▸ DATA UNDER STUDY:
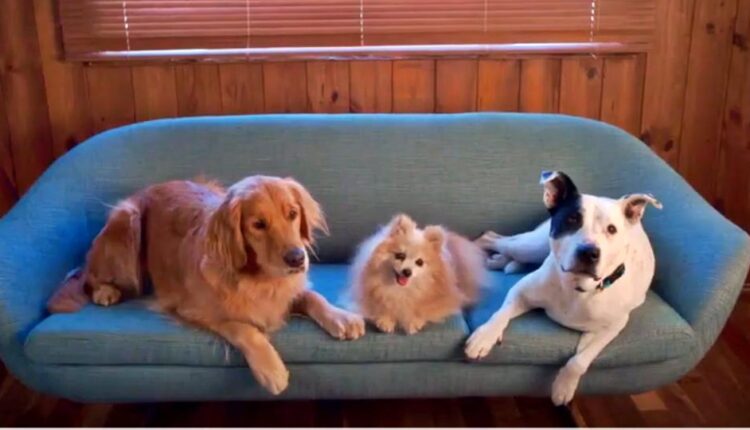 dog-days-of-christmas2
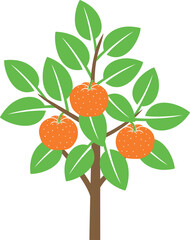 Mandarin tree logo. Isolated mandarin tree on white background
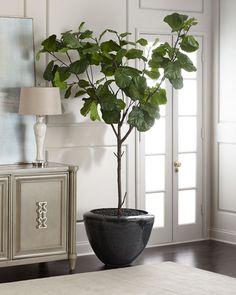 a potted plant sitting on top of a table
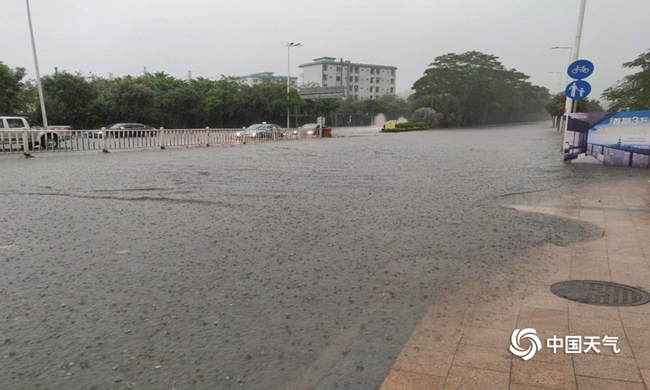 春雨是什么颜色的（春雨是什么颜色的答案）-第7张图片-科灵网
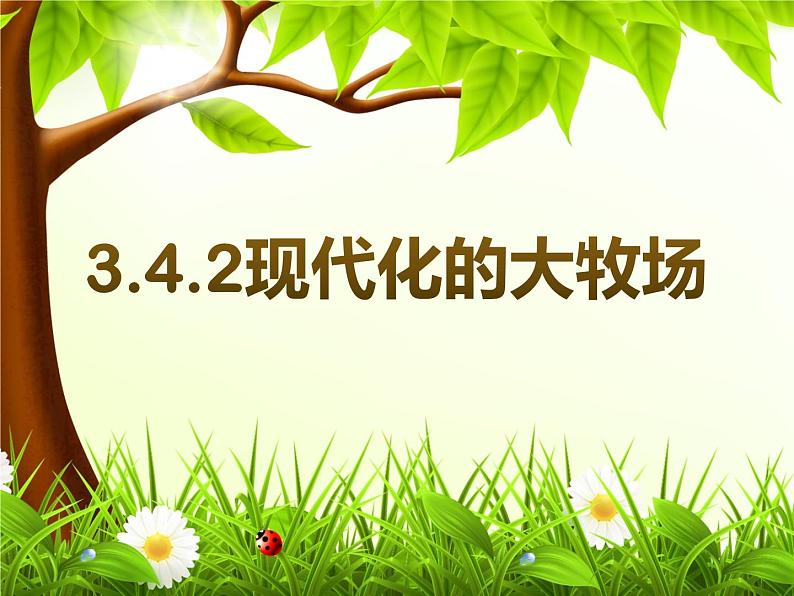 3.4.2现代化的大牧场同步课件01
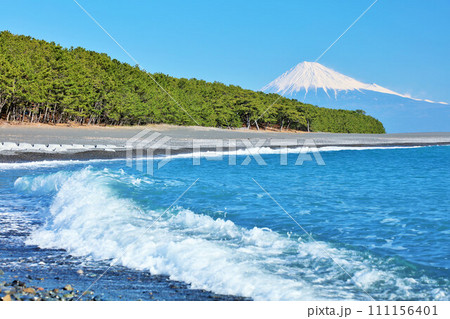 静岡県　青空の三保の松原と富士山 111156401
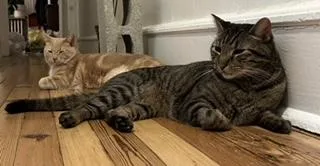 Lucas  Courtesy Listing thumbnail 2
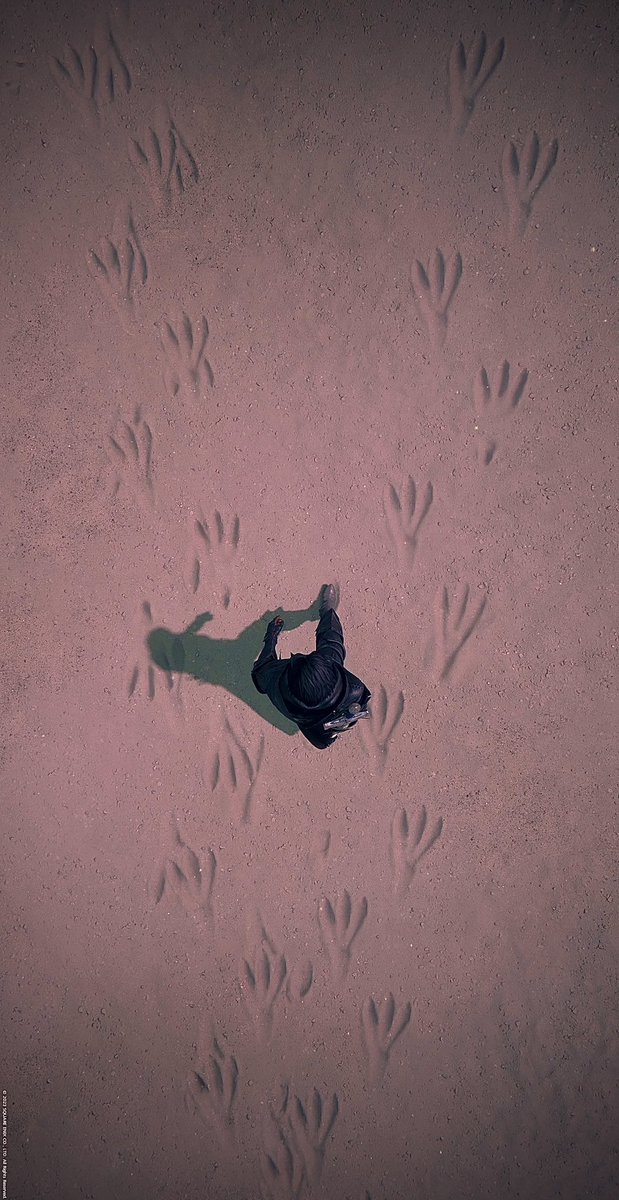 krix_tina's tweet photo. #TCCInBetween #TheCapturedCollective // #FF16 #FINALFANTASYXVI #FFXVI #FinalFantasy16 #VGPUnite #VGPNetwork #VirtualPhotography #ThePhotoMode #WorldofVP #ArtisticofSociety https://t.co/q0qFIXBgRv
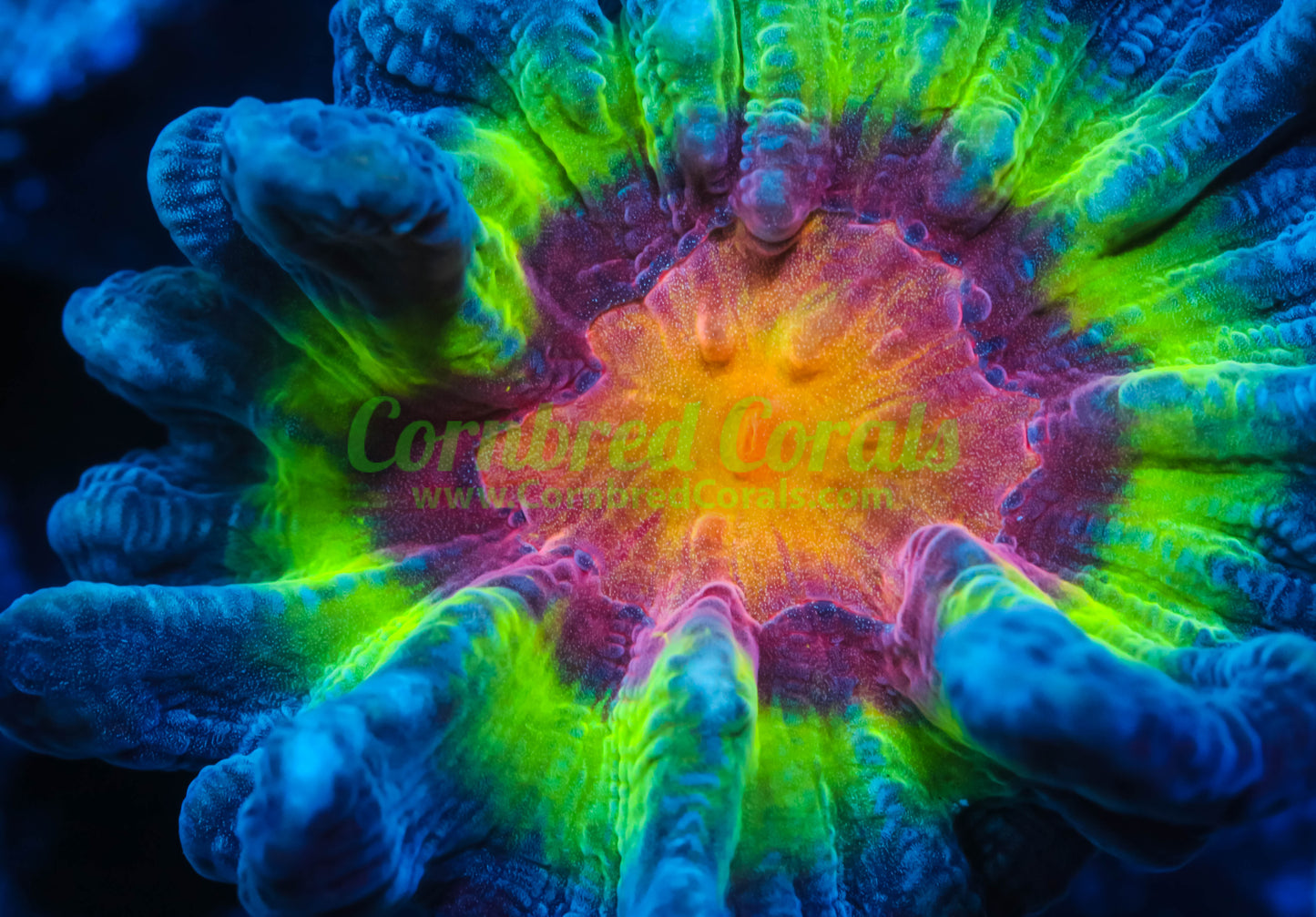Cornbred's Raging Rhino Pectinia
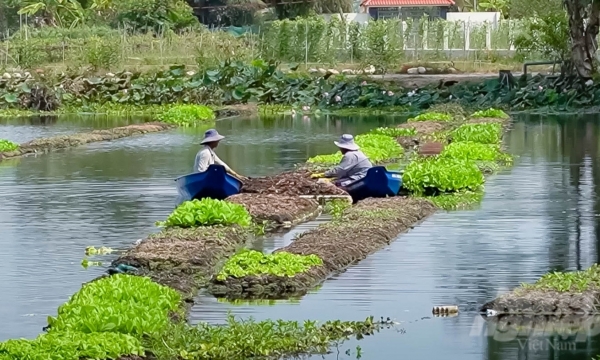 Originally growing aquatic organic vegetables on the lake surface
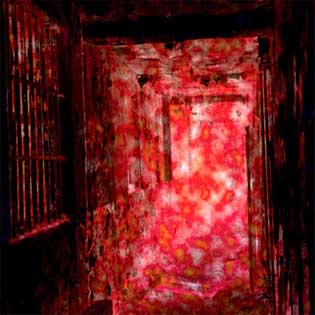 Elimi - Asylum [CD]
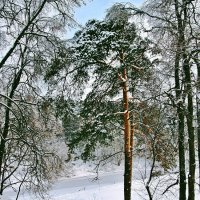 Р. Десна в Дубровицах :: Евгений Кочуров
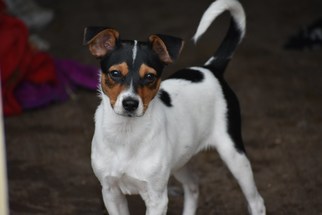 Medium Photo #1 Rat Terrier-Unknown Mix Puppy For Sale in Jarrell, TX, USA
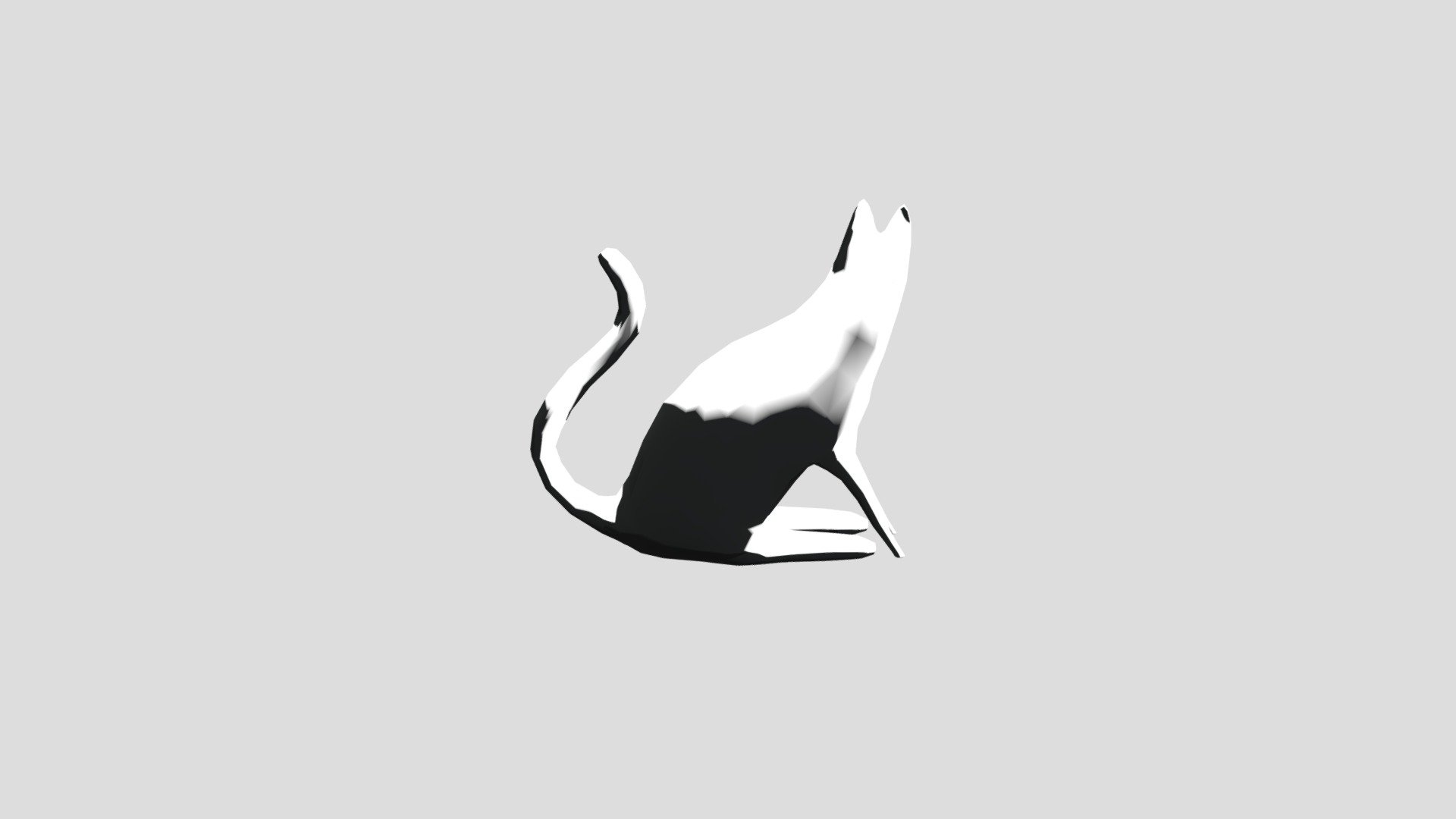 Black-cat (1)
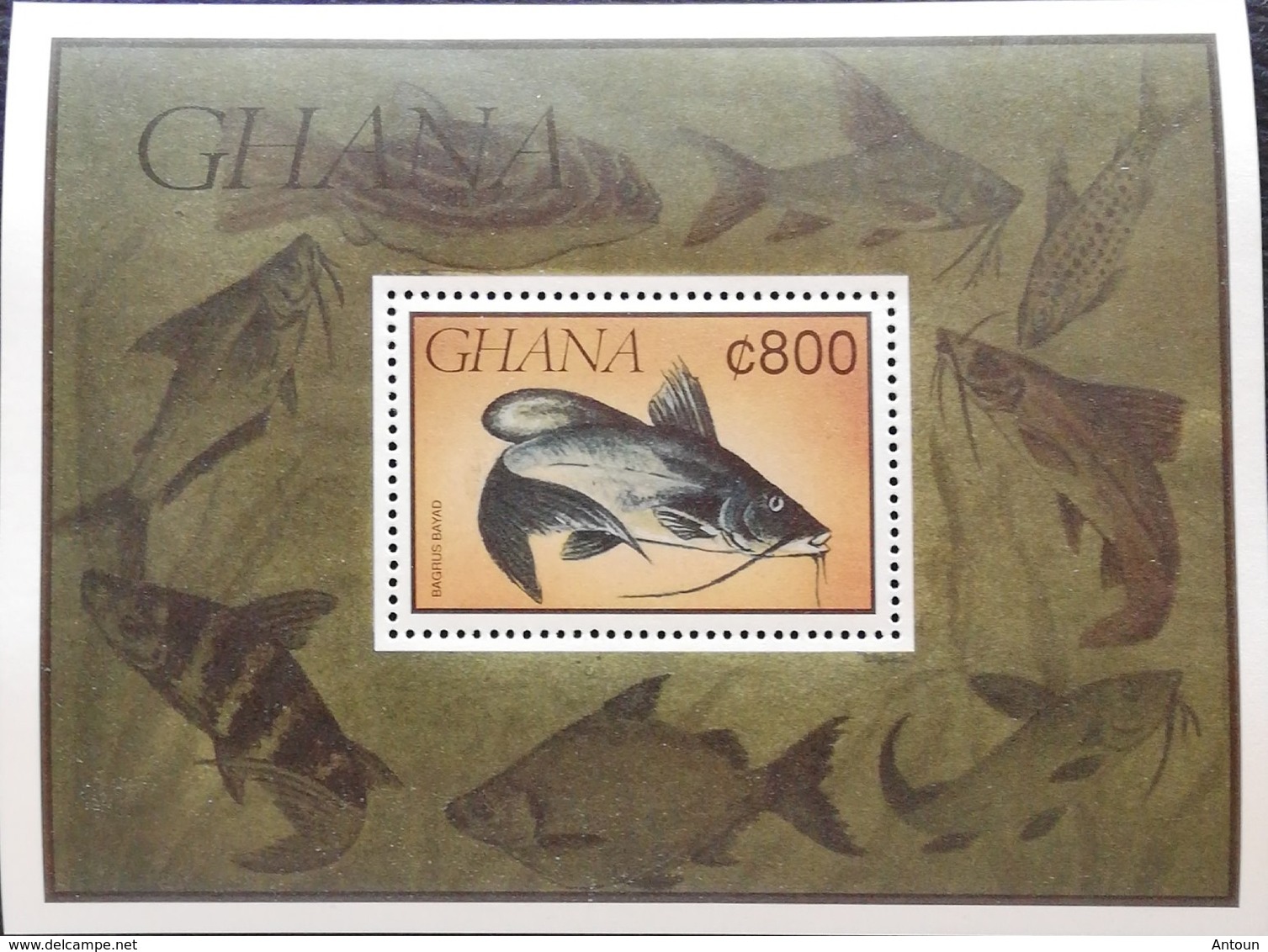 Ghana  1991 Fish S/S - Ghana (1957-...)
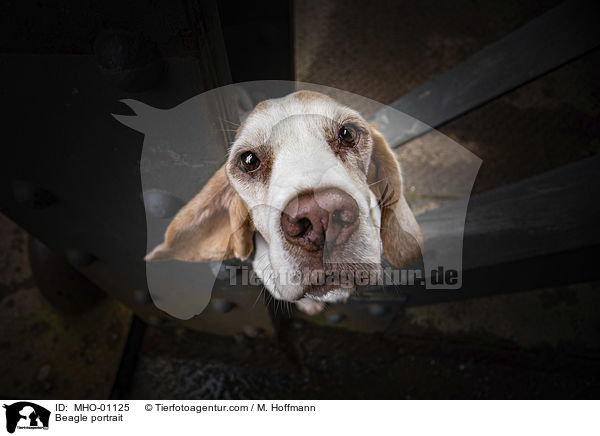 Beagle Portrait / Beagle portrait / MHO-01125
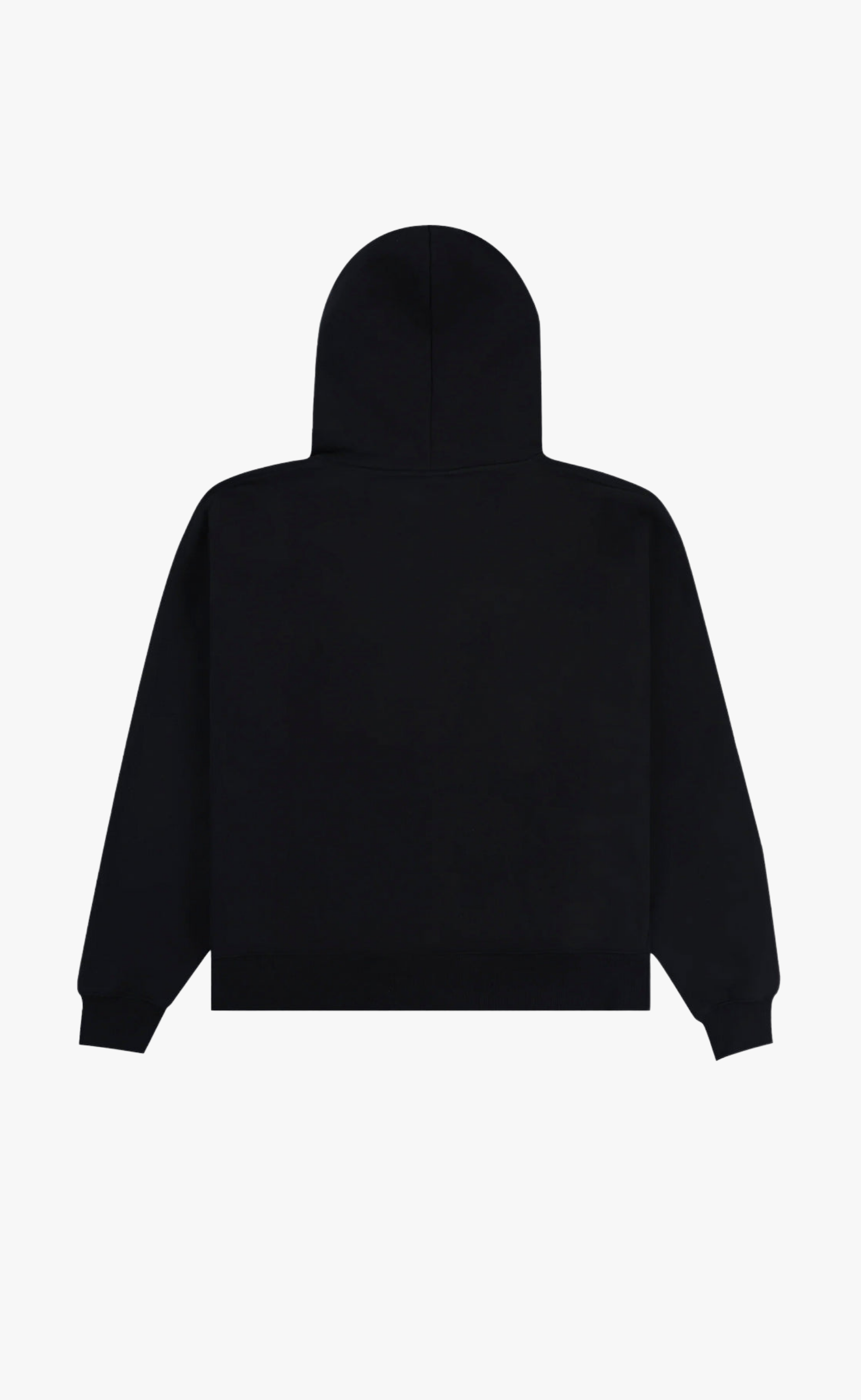 PUNK DUCK BLACK HOODIE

▸ EXERCISE INSTRUCTIONS: Quote exactly, and only, the lines from the line containing "krix_tina's tweet photo." through the final line of the records above, both included, omitting any pictures.

▸ EXERCISE RESULT:
 krix_tina's tweet photo. #TCCInBetween #TheCapturedCollective // #FF16 #FINALFANTASYXVI #FFXVI #FinalFantasy16 #VGPUnite #VGPNetwork #VirtualPhotography #ThePhotoMode #WorldofVP #ArtisticofSociety https://t.co/q0qFIXBgRv
Cornbred's Raging Rhino Pectinia
 Originally growing aquatic organic vegetables on the lake surface
 Elimi - Asylum [CD]
 Р. Десна в Дубровицах :: Евгений Кочуров
 Medium Photo #1 Rat Terrier-Unknown Mix Puppy For Sale in Jarrell, TX, USA
 Black-cat (1)
 Ghana  1991 Fish S/S - Ghana (1957-...)
 Beagle Portrait / Beagle portrait / MHO-01125
 PUNK DUCK BLACK HOODIE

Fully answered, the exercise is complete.